Monday, August 5, 2019

Runutan

Aku tak mengerti, apakah semua orang perlahan sadar bersama-sama, atau memang lingkaranku saja?

Ember penuh cucian yang belum tersentuh itu menimbulkan bau apak, kira-kira sudah empat hari dibiarkan begitu saja. Si empunya saat ini sedang duduk di lantai putih dengan corak hitam yang ternyata adalah debu yang menumpuk. Ia bersandar pada tembok polos, tapi pahit, sebagai saksi apa-apa yang terjadi dalam bangunan yang ia tinggali, bukan rumah.

Melirik ke sebelah kanan, di sanalah cucian itu berada. Berjalan sedikit melewati pintu di sebelah kiri, ada ruang tengah berisikan meja makan dengan dua kursi, juga televisi tua yang sudah tak berfungsi. Berbeda dengan keadaan di belakang, di dalam justru bersih, hanya segelintir debu. Setiap ruangan; mulai dari kamar tidur, kamar mandi, sampai gudang, semua terisi perabot secukupnya dan rapi. Oh, tapi masih saja terasa kosong.
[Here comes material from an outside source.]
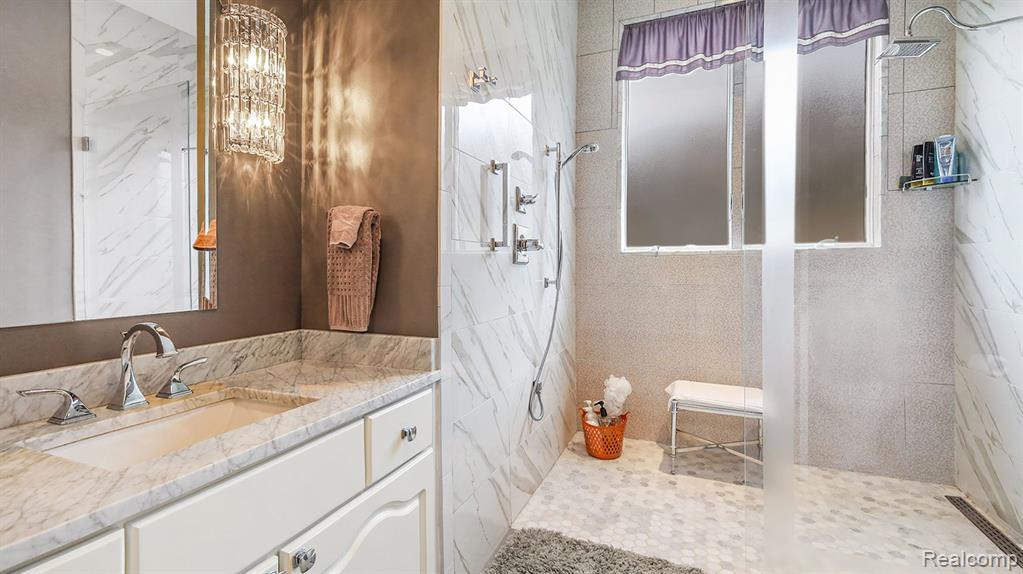 13453 Lakeview Drive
"Nang ning nung, ning nung ning nang ning nung.."

Nyanyikanlah jiwamu sekeras-kerasnya, senantiasa tak akan ada yang bisa mendengar, kecuali dirimu sendiri, sebaik-baiknya penolong.

Pikirannya mengembara ke entah berantah, mungkin kolam renang berubin biru yang memanggilnya 21 tahun lalu, atau ruang tamu yang memercik penyesalan setahun setelah kelahirannya. Ia beranjak dari duduknya, menghampiri cucian dalam ember yang berwarna hijau pudar itu, dan memencet hidungnya seraya bernapas melalui mulut.
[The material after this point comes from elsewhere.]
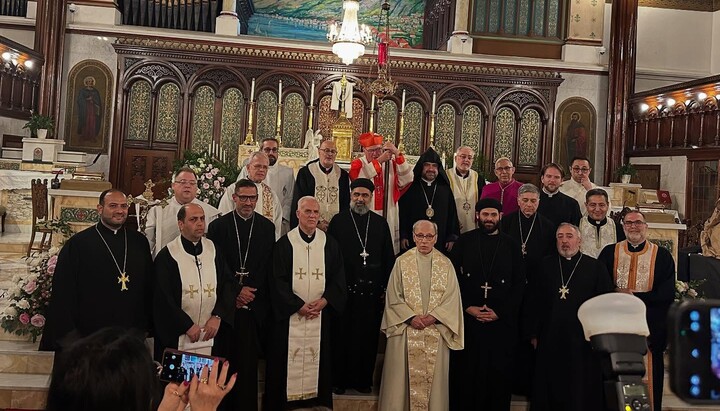 Protopresbyter of Greek Orthodox Archdiocese of America participates in ecumenical prayer service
Ada dua kutang dan tujuh celana dalam, selama empat hari ia tidak berganti baju, hanya pakaian dalamnya saja. Ia baru sadar kalau masih mengenakan daster batik kuning yang sudah bolong di bagian paha kanan sejak hari Kamis lalu. Dibukalah daster itu pelan-pelan dari tubuhnya dan memasukkannya ke dalam ember yang sama.

"Asin, asin, aku maunya wangi!"

Berapa pun sabun pencuci pakaian yang ia tuang ke dalam ember, tiada wangi yang tercium meski dalam jarak satu senti. Ia tuang terus sampai hampir habis, pula bulir-bulir air yang berasal dari mata sayunya turun deras menghujani siapa pun, apa pun, yang berada di bawahnya, termasuk cucian yang apak itu.
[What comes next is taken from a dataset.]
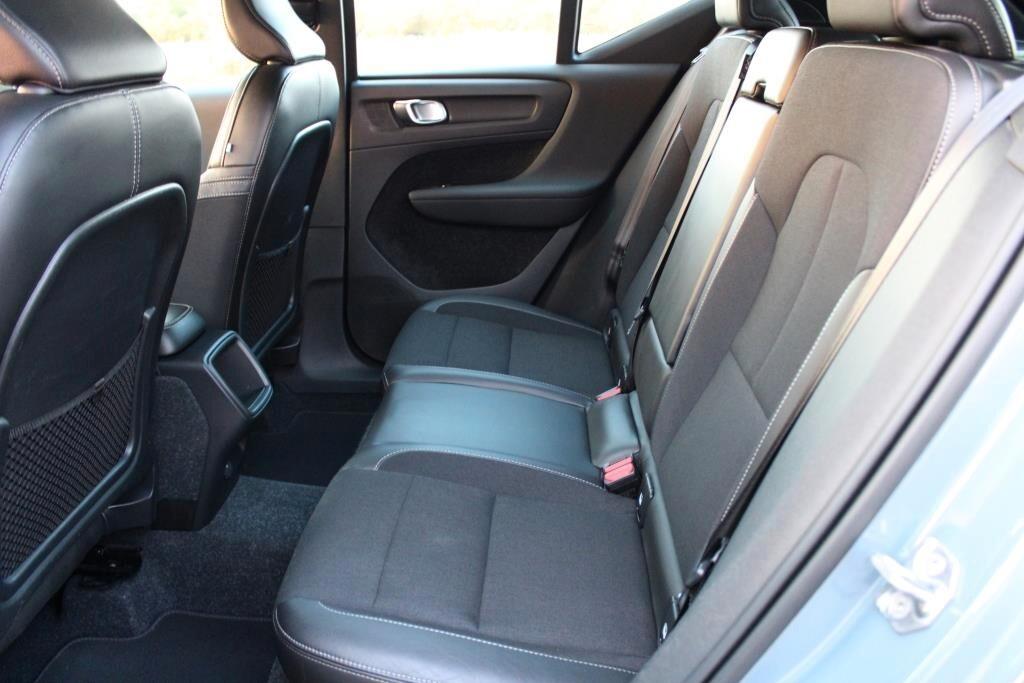 VOLVO XC40 D3 Momentum *FULL LED *Carplay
Tiga semut yang berjalan beriring menuju markasnya lari terbirit-birit, tak mau tertular, cadangan air mata semur-semut itu sudah habis. Kemarin, mereka baru kehilangan serpihan roti yang sudah dijaga betul-betul. Ah, yang tiba-tiba, kadang menyenangkan, kadang menyesakkan.

Dari sekian banyak cerita di hidupmu, benarkah tidak ada yang benar-benar selesai?